Goal of the exercise: Write the listing below out again word for word, without a single picture.

====== Dataset excerpt ======

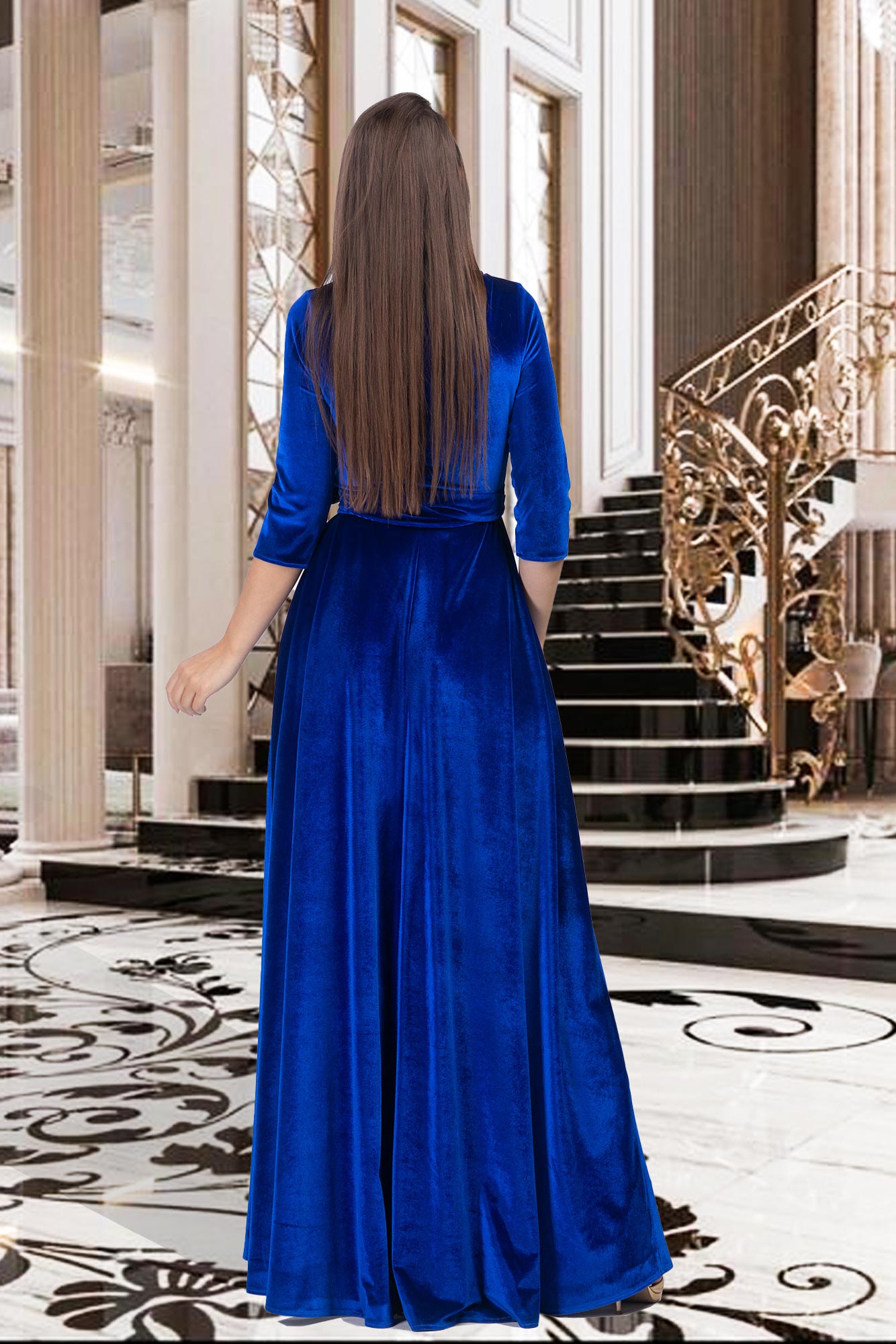Blue Velvet Long Dress Wrap Adjustable Cord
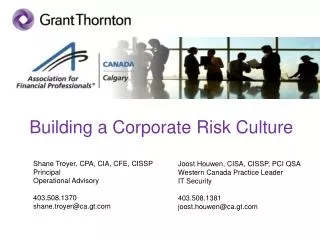 Building a Corporate Risk Culture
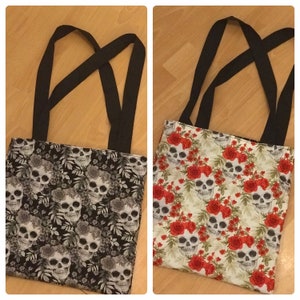 Reversible skull tote bags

======

Result:
Blue Velvet Long Dress Wrap Adjustable Cord
 Building a Corporate Risk Culture
 Reversible skull tote bags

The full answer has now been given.